The output should be the listing below, limited to the lines from the one with "Ulivi Luxury Loft" through the one with "Used Nissan Leaf", exact and without pictures.

================

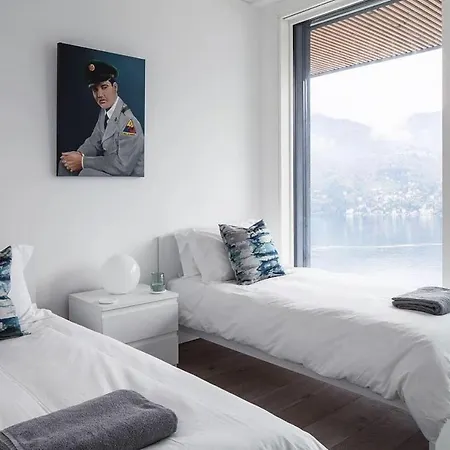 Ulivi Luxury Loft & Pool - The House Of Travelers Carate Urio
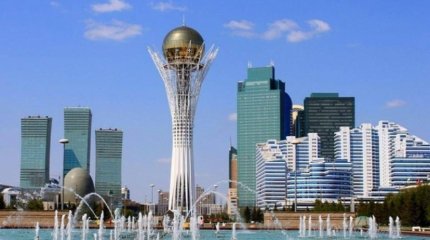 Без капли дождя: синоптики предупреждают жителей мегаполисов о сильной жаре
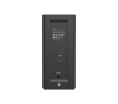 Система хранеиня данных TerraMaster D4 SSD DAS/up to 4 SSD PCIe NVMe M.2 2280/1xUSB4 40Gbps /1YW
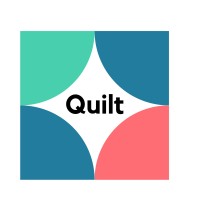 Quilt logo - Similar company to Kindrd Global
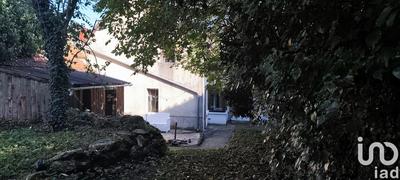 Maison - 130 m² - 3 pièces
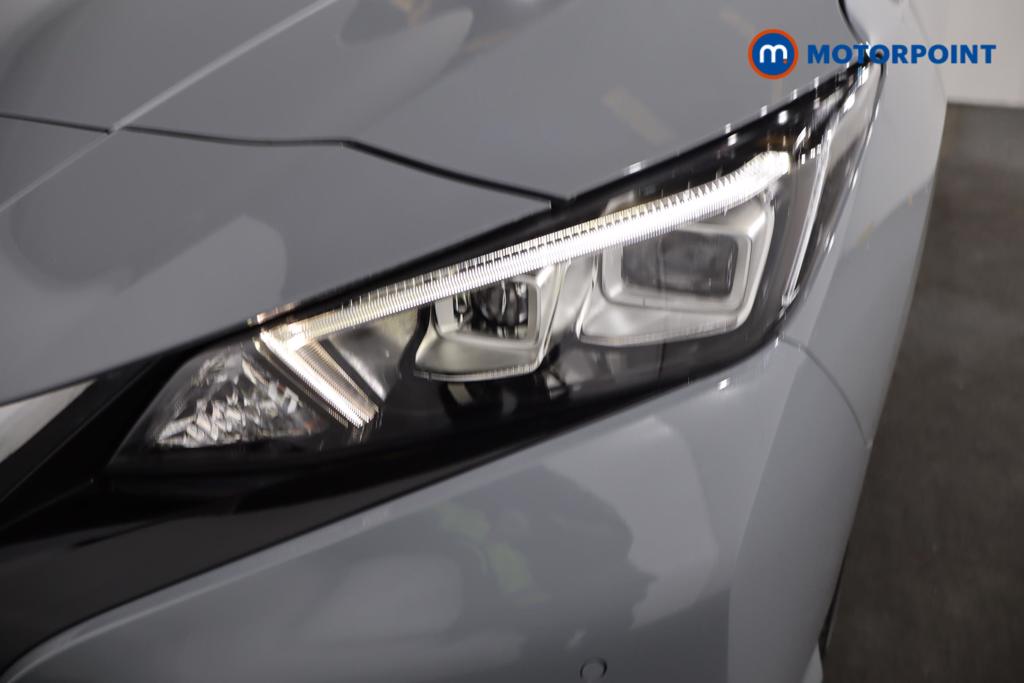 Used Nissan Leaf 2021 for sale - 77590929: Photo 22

================

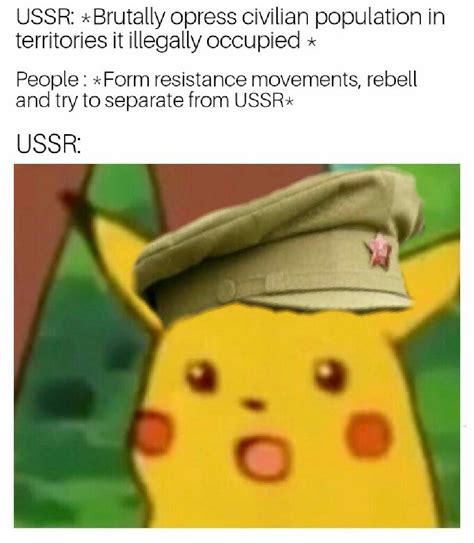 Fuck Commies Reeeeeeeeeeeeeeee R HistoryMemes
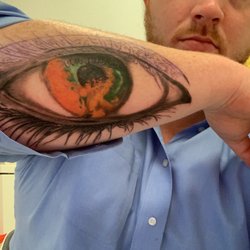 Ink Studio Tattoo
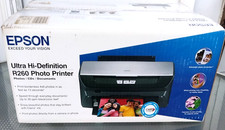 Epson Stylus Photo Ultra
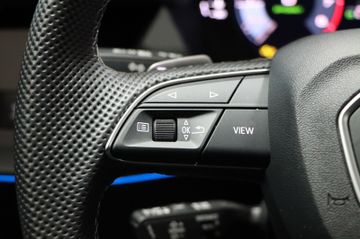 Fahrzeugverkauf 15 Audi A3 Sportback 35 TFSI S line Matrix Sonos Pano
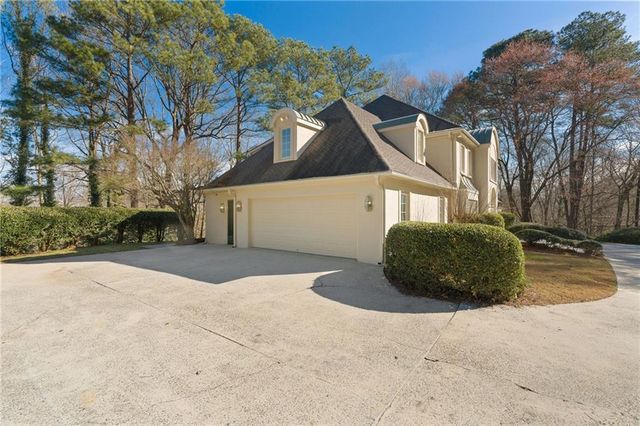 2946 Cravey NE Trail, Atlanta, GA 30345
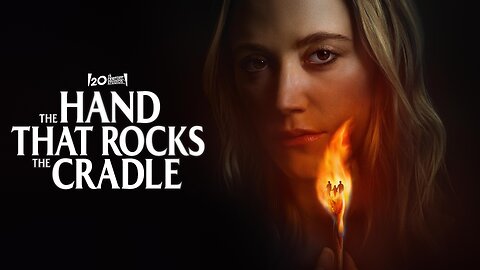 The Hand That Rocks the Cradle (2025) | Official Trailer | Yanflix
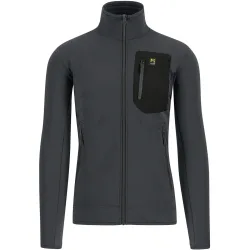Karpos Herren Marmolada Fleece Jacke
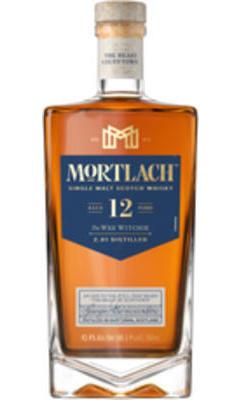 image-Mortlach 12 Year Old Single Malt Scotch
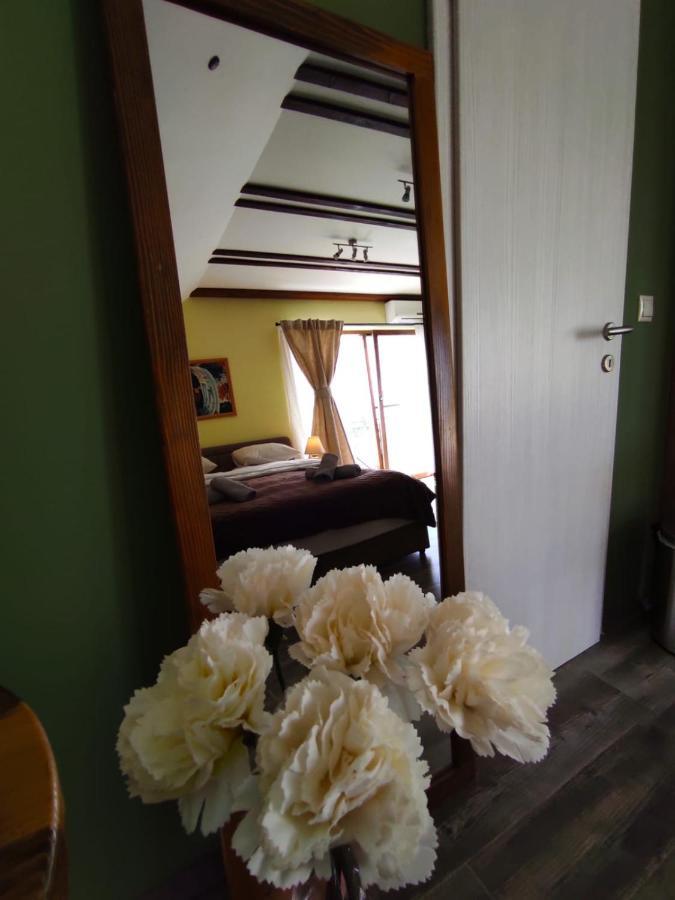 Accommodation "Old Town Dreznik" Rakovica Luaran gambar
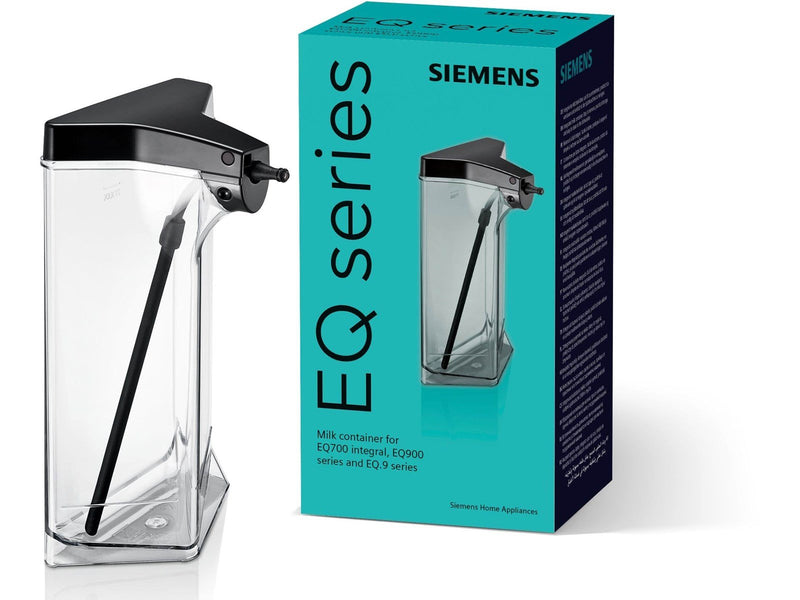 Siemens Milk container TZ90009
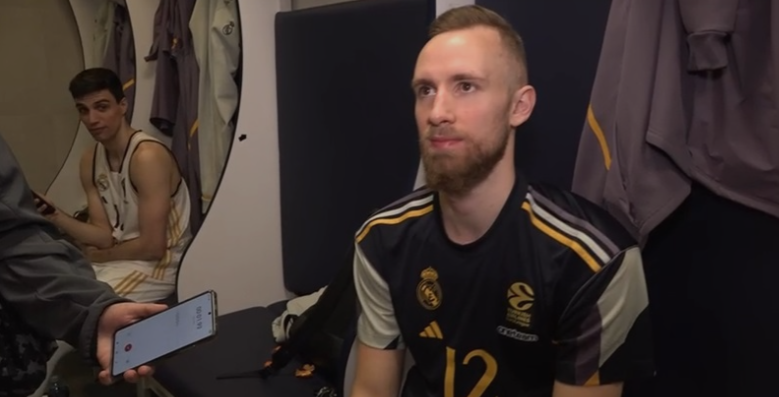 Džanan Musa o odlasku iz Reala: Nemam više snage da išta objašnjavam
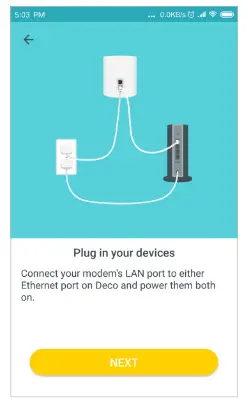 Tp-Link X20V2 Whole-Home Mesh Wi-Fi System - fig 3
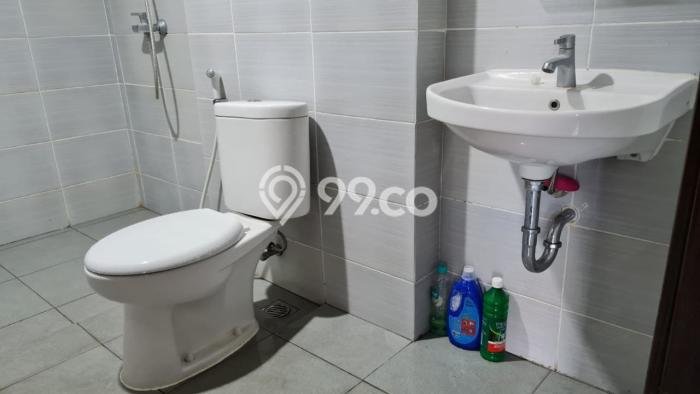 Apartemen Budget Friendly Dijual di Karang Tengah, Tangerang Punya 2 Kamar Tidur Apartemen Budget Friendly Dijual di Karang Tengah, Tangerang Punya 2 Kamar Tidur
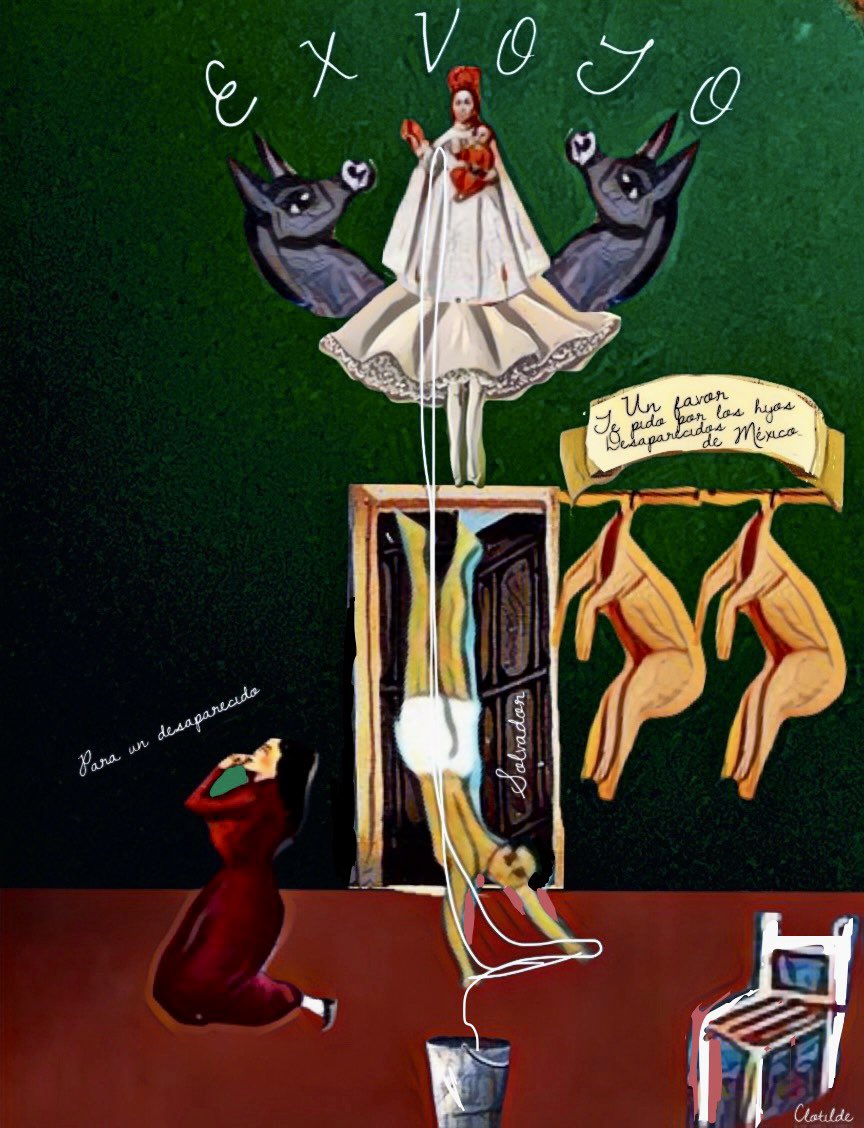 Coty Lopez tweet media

================

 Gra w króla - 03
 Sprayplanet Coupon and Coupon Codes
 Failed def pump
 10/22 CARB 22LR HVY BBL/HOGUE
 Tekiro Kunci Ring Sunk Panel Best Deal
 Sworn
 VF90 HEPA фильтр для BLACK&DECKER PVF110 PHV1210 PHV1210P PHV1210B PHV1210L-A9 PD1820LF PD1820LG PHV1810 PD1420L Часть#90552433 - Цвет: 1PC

================

Final answer.
 Ulivi Luxury Loft & Pool - The House Of Travelers Carate Urio
 Без капли дождя: синоптики предупреждают жителей мегаполисов о сильной жаре
 Система хранеиня данных TerraMaster D4 SSD DAS/up to 4 SSD PCIe NVMe M.2 2280/1xUSB4 40Gbps /1YW
 Quilt logo - Similar company to Kindrd Global
 Maison - 130 m² - 3 pièces
 Used Nissan Leaf 2021 for sale - 77590929: Photo 22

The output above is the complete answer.